I’m just curious if torch.compile is able to perform opt_einsum style optimizations, where the order of matrix multiplications is optimized to reduce compute.
The minimal example here is
@torch.compile
def matmul(A, B, C):
return A @ B @ C
In the case where, say, A is 1000 x 100, B is 100 x 10, and C is 10 x 1, it is clearly more efficient to perform the matmul as A @ (B @ C), where the last two matrices can be multiplied first due to associativity. I’m wondering if this is something torch.compile can optimize for.
This does not appear to be something that torch.compile optimizes.
It’s speculation on my part, but I don’t think that torch.compile knows
that it is doing matrix multiplication (nor realizes that matrix multiplication
is associative).
Note that torch.linalg.multi_dot() has this matrix-associativity optimization
as its specific purpose.
Here is a script that shows no torch.compile speed-up for your minimal
example, while showing speed-up when explicitly performing B @ C first
and when letting multi_dot() perform the optimization:
import torch
print (torch.__version__)
print (torch.version.cuda)
print (torch.cuda.get_device_name())
print (torch.cuda.get_device_capability())
import time
def matmul_no_compile (A, B, C):
return A @ B @ C # equivalent to (A @ B) @ c
@torch.compile (backend = 'eager') # 'eager' for older gpu
def matmul_compile (A, B, C):
return A @ B @ C # equivalent to (A @ B) @ c
def matmul_rl (A, B, C):
return A @ (B @ C) # explicit efficient ordering
Aa = []
Bb = []
Cc = []
print ('generating data ...')
for i in range (10):
Aa.append (torch.randn (10000, 1000, device = 'cuda'))
Bb.append (torch.randn (1000, 100, device = 'cuda'))
Cc.append (torch.randn (100, 10, device = 'cuda'))

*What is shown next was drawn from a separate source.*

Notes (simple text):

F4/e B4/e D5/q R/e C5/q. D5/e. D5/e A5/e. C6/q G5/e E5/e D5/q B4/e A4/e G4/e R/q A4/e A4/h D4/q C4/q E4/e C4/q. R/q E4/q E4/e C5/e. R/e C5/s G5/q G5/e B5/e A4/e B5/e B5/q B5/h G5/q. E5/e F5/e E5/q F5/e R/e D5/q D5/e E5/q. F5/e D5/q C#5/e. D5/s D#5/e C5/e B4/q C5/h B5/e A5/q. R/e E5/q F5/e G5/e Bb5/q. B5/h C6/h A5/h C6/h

print ('run timing loops ...')
# matmul_no_compile
# run warmup
for i in range (10):
for A, B, C in zip (Aa, Bb, Cc):
D = matmul_no_compile (A, B, C)
# timing loop
torch.cuda.synchronize()
t0 = time.time()
for i in range (10):
for A, B, C in zip (Aa, Bb, Cc):
D = matmul_no_compile (A, B, C)
torch.cuda.synchronize()
t1 = time.time()
print ('matmul_no_compile: elapsed time: ', t1 - t0)
# matmul_compile
# run warmup
for i in range (10):
for A, B, C in zip (Aa, Bb, Cc):
D = matmul_compile (A, B, C)
# timing loop
torch.cuda.synchronize()
t0 = time.time()
for i in range (10):
for A, B, C in zip (Aa, Bb, Cc):
D = matmul_compile (A, B, C)
torch.cuda.synchronize()
t1 = time.time()
print ('matmul_compile: elapsed time: ', t1 - t0)
# matmul_rl
# run warmup
for i in range (10):
for A, B, C in zip (Aa, Bb, Cc):
D = matmul_rl (A, B, C)
# timing loop
torch.cuda.synchronize()
t0 = time.time()
for i in range (10):
for A, B, C in zip (Aa, Bb, Cc):
D = matmul_rl (A, B, C)
torch.cuda.synchronize()
t1 = time.time()
print ('matmul_rl: elapsed time: ', t1 - t0)

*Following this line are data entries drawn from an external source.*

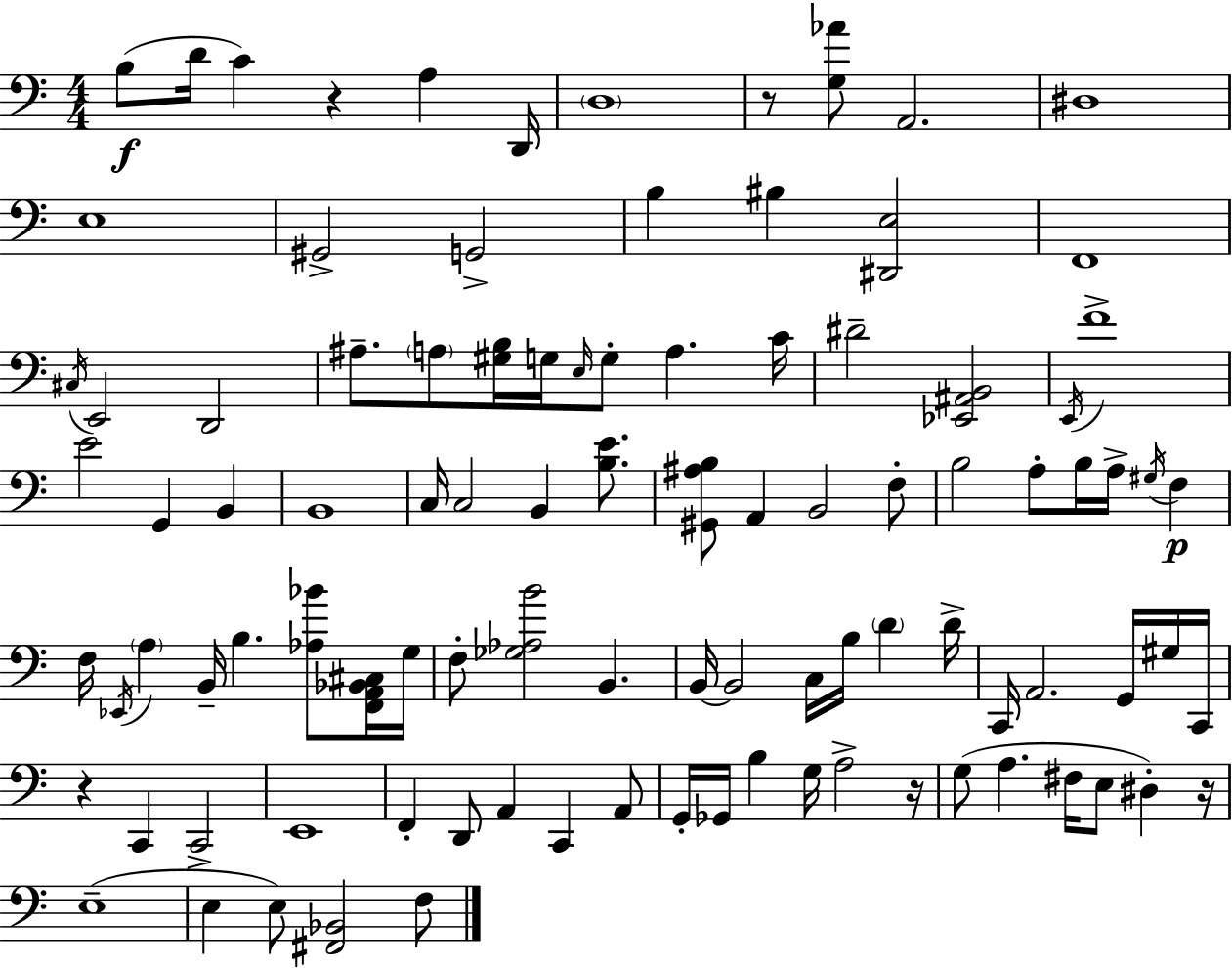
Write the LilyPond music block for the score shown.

{
  \clef bass
  \numericTimeSignature
  \time 4/4
  \key a \minor
  b8(\f d'16 c'4) r4 a4 d,16 | \parenthesize d1 | r8 <g aes'>8 a,2. | dis1 | \break e1 | gis,2-> g,2-> | b4 bis4 <dis, e>2 | f,1 | \break \acciaccatura { cis16 } e,2 d,2 | ais8.-- \parenthesize a8 <gis b>16 g16 \grace { e16 } g8-. a4. | c'16 dis'2-- <ees, ais, b,>2 | \acciaccatura { e,16 } f'1-> | \break e'2 g,4 b,4 | b,1 | c16 c2 b,4 | <b e'>8. <gis, ais b>8 a,4 b,2 | \break f8-. b2 a8-. b16 a16-> \acciaccatura { gis16 }\p | f4 f16 \acciaccatura { ees,16 } \parenthesize a4 b,16-- b4. | <aes bes'>8 <f, a, bes, cis>16 g16 f8-. <ges aes b'>2 b,4. | b,16~~ b,2 c16 b16 | \break \parenthesize d'4 d'16-> c,16 a,2. | g,16 gis16 c,16 r4 c,4 c,2-> | e,1 | f,4-. d,8 a,4 c,4 | \break a,8 g,16-. ges,16 b4 g16 a2-> | r16 g8( a4. fis16 e8 | dis4-.) r16 e1--( | e4 e8) <fis, bes,>2 | \break f8 \bar "|."
}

# multi_dot -- knows how to reorder matrix multiplications
# run warmup
for i in range (10):
for A, B, C in zip (Aa, Bb, Cc):
D = torch.linalg.multi_dot ((A, B, C))
# timing loop
torch.cuda.synchronize()
t0 = time.time()
for i in range (10):
for A, B, C in zip (Aa, Bb, Cc):
D = torch.linalg.multi_dot ((A, B, C))
torch.cuda.synchronize()
t1 = time.time()
print ('multi_dot: elapsed time: ', t1 - t0)
I’ve adapted your code to run on larger matrices, with tensorfloat32, and including torch.einsum in the mix. And it turns out that you are completely right that torch.compile seems to make no effort in reordering matmuls for efficiency.
import torch
print (torch.__version__)
print (torch.version.cuda)
print (torch.cuda.get_device_name())
print (torch.cuda.get_device_capability())
torch.backends.cuda.matmul.allow_tf32 = True
torch.backends.cudnn.allow_tf32 = True
import time
def matmul_no_compile(A, B, C):
return A @ B @ C # equivalent to (A @ B) @ c
@torch.compile
def matmul_compile(A, B, C):
return A @ B @ C # equivalent to (A @ B) @ c
def matmul_rl(A, B, C):
return A @ (B @ C) # explicit efficient ordering
def multi_dot(A, B, C):
return torch.linalg.multi_dot((A, B, C))
def einsum(A, B, C):
return torch.einsum('ij,jk,kl->il', A, B, C)
Aa, Bb, Cc = [], [], []
print ('generating data ...')
for i in range (10):
Aa.append (torch.randn (2 ** 16, 2 ** 12, device = 'cuda'))
Bb.append (torch.randn (2 ** 12, 2 ** 12, device = 'cuda'))
Cc.append (torch.randn (2 ** 12, 2 ** 8, device = 'cuda'))
print(f"matrices shapes: {Aa[0].shape} {Bb[0].shape} {Cc[0].shape}")
print ('run timing loops ...')
# matmul_no_compile
def run_benchmark(fn, Aa, Bb, Cc):
# warmup
for i in range(10):
for (A, B, C) in zip(Aa, Bb, Cc):
D = fn(A, B, C)
# timeing
torch.cuda.synchronize()
t0 = time.time()
for i in range (10):
for A, B, C in zip (Aa, Bb, Cc):
D = fn(A, B, C)
torch.cuda.synchronize()
t1 = time.time()
print(f'{fn.__name__}: {t1 - t0}')
run_benchmark(matmul_no_compile, Aa, Bb, Cc)
run_benchmark(matmul_compile, Aa, Bb, Cc)
run_benchmark(matmul_rl, Aa, Bb, Cc)
run_benchmark(multi_dot, Aa, Bb, Cc)
run_benchmark(einsum, Aa, Bb, Cc)
I guess the question is now: should this be something torch.compile be trying to support? I’m not familiar enough with compilation to know how difficult this would be, but I’m guessing the pattern of a chain of matmuls should be preserved down to the IR (?) and it should be possible to reorder the matmuls there (at least for simple patterns such as a linear chain).
I’m glad that you confirmed this on a more modem gpu (and hence a
different compilation backend).
That wouldn’t seem unreasonable to me. I don’t think that proposing
this as a feature request on github would be poorly received.
I don’t know anything about the internals of torch.compile, but this all
sounds plausible to me. The logic is straightforward enough (witness multi_dot()). I just don’t know whether torch.compile has hooks in
the right places to make it easy.
I don’t think, however, that chains of matrix multiplications (without
intervening non-linearities or additive biases) are that common of
a use case in pytorch, so implementing something like this – even
if relatively easy – might not be a priority.
(If you do file a feature request, I would suggest including a couple of
real-world use cases to motivate the feature.)